Presentation by Alison Williams, Widlife Biologist
Izembek National Wildlife Refuge is a remote refuge in southwest Alaska that contains one of the world’s largest eelgrass beds and hosts a huge diversity of wildlife. In particular, the refuge is critical habitat for several iconic Alaskan goose species that rely on the refuge as migratory staging and wintering areas. So why are these geese at Izembek, and where do they come from? How are geese at Izembek affected by changing environmental conditions? Come learn about the life of Alaska’s geese and how Izembek is a key piece of their life history!

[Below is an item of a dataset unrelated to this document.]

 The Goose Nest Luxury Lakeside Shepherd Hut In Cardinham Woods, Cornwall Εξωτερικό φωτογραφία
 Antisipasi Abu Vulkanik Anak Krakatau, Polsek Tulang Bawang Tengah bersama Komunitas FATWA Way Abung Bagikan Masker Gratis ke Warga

Hundreds of thousands of waterfowl, including virtually the entire population of Pacific Black Brant, visit the lagoon to feed on eelgrass and rest during migration. pc: Kristine Sowls/USFWS
Alison Williams is a wildlife biologist at Izembek National Wildlife Refuge, stationed in Cold Bay, Alaska. Originally from Colorado, she grew up in the wild foothills of the Rocky Mountains with a love for wildlife, open spaces, and a special interest in birds. She earned a Bachelor of Science Degree in Wildlife and Wildlands Conservation, before coming to Alaska as a seasonal Biological Science Technician for the U.S. Fish and Wildlife Service. Through her work, she spent several remarkable years traveling to various Wildlife Refuges within Alaska, including multiple visits to Izembek, which piqued her interest in seaducks, seabirds, and life on the remote edges of Alaska. She started her current, dream job at Izembek in March 2021, and has enjoyed learning about and seeing the huge diversity of wildlife Izembek has to offer. Alison also recently completed a Master of Science Degree in Avian Sciences from University of California Davis on Common Goldeneye reproductive ecology in interior Alaska
There are islands in Alaska where hundreds of thousands of seabirds gather annually to breed. These islands are critical to the survival of these species. Imagine yourself living on one of these islands with one other person. Sound picturesque? It is, but you won’t be spending your days sipping umbrellaed drinks while lounging on the beach. You’re here to do a job. You’re here to collect long-term monitoring data on the seabirds (and other species) that breed on your island. You’re going to be cold, wet, and generally uncomfortable for most of your stay. It’s not an easy life, but it’s worth it. You’ll see and hear things very few ever will. You’ll get to collect data that monitors the health of Alaskan seabird populations and the ocean they, and mankind, depend on for survival. Join Sarah and Dan for a summer field season on Aiktak Island, in the Eastern Aleutians, as biological technicians for the Alaska Maritime National Wildlife Refuge. They will show you what it takes to work in this rugged and remote refuge.
pc: Grubbing arms.
Sarah Youngren and Dan Rapp are seabird researchers. Most people have no idea what they do, because they work where very few people go and with species that spend most of their lives at sea (or in these places few people get to go). Between Sarah and Dan, they have 28 years of experience working with seabirds on remote islands in Alaska and Hawaii (and a stint in Louisiana). They both started their professional careers working with Alaskan salmon, and dabbled in other fieldwork, but both eventually found their way to a remote seabird colony. All parts of living and working on these islands spoke to them, and their addiction hasn’t let up. They have worked with a plethora of seabird species, ranging in size from the armful Black-footed albatross, to the fit in your palm Leaches storm-petrel. Most of the data they collect contributes to long-term datasets for the purpose of detecting trends / changes within seabird populations. But they also conduct and participate in original research, most recently they helped outfit albatross with tags to track their movements across the North Pacific from their breeding colony at Midway Atoll National Wildlife Refuge. Both Sarah and Dan earned their Masters degrees in marine science from Hawaii Pacific University in 2015, with theses that addressed patterns and impacts of plastic ingestion in Hawaiian seabirds. After completing their graduate work, they returned to seasonal fieldwork. Since 2015 they have been spending summers working for Alaska Maritime National Wildlife Refuge, specifically on Aiktak Island in the Eastern Aleutians.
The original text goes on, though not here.